For years investigators have been trying to figure out how a family was killed at a guesthouse in November 1995.

After filling countless notebooks with potential suspects and clues over the last 22 years, detectives discovered a few days ago the answer could have been among the shelves of the country’s bookshops all along.

Officers arrested writer Liu Yongbiao, 53, last week.

Police say Yongbiao and another man from his village have confessed to the murders, the former even telling police: “All the time, I was here waiting for you,” according to Chinese news site The Paper.

On the evening of November 29, 1995, two men were checked-in at a guesthouse in Huzhou, with the intention of carrying out a burglary.
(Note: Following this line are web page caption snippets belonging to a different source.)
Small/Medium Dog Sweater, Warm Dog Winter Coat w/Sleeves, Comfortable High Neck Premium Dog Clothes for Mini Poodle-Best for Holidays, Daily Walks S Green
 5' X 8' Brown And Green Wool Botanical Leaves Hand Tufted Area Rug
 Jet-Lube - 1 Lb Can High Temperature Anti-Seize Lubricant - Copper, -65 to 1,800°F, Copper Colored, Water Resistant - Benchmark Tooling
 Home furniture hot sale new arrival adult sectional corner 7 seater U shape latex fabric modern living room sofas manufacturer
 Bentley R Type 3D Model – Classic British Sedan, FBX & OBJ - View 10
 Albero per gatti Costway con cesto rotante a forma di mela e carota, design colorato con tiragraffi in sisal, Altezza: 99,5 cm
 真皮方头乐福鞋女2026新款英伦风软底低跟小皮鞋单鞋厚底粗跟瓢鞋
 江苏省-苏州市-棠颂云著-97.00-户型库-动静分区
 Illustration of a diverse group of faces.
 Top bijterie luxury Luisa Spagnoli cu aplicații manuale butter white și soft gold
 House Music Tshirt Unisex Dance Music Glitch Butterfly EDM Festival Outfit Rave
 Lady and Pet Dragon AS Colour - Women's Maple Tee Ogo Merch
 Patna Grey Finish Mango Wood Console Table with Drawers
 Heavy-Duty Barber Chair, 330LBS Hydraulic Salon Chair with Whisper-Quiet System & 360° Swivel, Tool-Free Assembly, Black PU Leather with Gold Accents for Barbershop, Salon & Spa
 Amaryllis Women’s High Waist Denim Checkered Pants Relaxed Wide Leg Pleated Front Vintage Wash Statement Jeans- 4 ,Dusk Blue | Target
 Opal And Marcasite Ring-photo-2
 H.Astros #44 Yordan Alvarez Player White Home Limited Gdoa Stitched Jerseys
But the plan went wrong and the guesthouse’s owners, their grandson and another client were beaten to death with a blunt object.

In the absence of modern scientific techniques, the police have had to be content with a single, meagre clue: the two wanted men had a strong accent from Anhui province.

But, thanks to DNA tests, police were recently able to go back to the writer.

At the time of his arrest, Yongbiao was in the process of correcting a student’s homework, according to Chinese media.

One of the police officers who arrested him told The Paper the writer had given him a letter addressed to his wife.

“I waited for this moment for 20 years,” writes the novelist. “All this finally ends today, I am finally freed from this mental suffering that I had to endure for so long.”